Myers joined an undergraduate research experience though Kent State University and worked over the summer studying circular polarization under a microscope. She was interested in observing how ultraviolet light shines through liquid crystals that have been treated with luminescent dyes. She used this process to create light which shone in orderly, spiral patterns. The objective was to achieve the highest intensity of light emitted through the liquid crystal formation as possible. Marceline was able to achieve a G-lum score of 0.1, an increase from the previous most powerful recording of 0.001. This technology can be used to create sensors that are reactive to light and heat, and the liquid crystal structures can be used to create digital displays like thermometers and digital clockfaces.
Research has been a rewarding experience for Marceline. After her research experience, she presented her findings at NOURS after being nominated by her peers. Marceline gained experience working in her field and made connections with faculty: “Research has brought me very close to advisers and other inspirational physicists in the field. It has connected me to amazing colleagues, it has built my confidence up.” She described the field of physics as, “an ocean of opportunity,” and research to have been a crucial experience for deciding her future career.
"Just do everything unafraid, and if you are afraid, just do it afraid." ~Marceline Myers
Although Marceline takes pride in her STEM career, she has experienced conflict as a female researcher. She reflects that on working with male colleagues, “you can see that there is a disconnect, though I will say Kent State is incredibly nurturing and encourages women to stick together and support one another. Many physicists and engineers on the staff are women, which is nice to see.” Marceline offered a suggestion to improve the environment for female researchers: “Getting more women into STEM is what is needed to help the current situation.”

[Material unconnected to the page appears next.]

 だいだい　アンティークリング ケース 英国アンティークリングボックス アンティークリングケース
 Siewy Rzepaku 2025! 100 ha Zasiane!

Marceline also commented on how STEM subjects are approached in the educational system for young women: “Young children, whether it be boys or girls, are fascinated with everything around them. They ask all the hard-hitting questions, but once children get to middle and high school, interest in STEM seems to drop off and tends to become more male dominated.” Marceline remarked that that interest waned at middle school age. She theorized that the culture of middle and high school environments disincentivizes women from maintaining interest in STEM topics, adding: “I think the misogyny of everyday life seeps in. Women are taught to stay within the lines, pushed to fit into a box, but science is meant to be loud. It's meant to be pushy.”
Marceline had some parting advice for women trying to make their way into STEM. “Dive headfirst into it. Do not be afraid and do not be reserved. If you are taking a class and the teacher says, ‘can I have a volunteer?’ Just put your hand up every single time. Just do everything unafraid, and if you are afraid, just do it afraid.”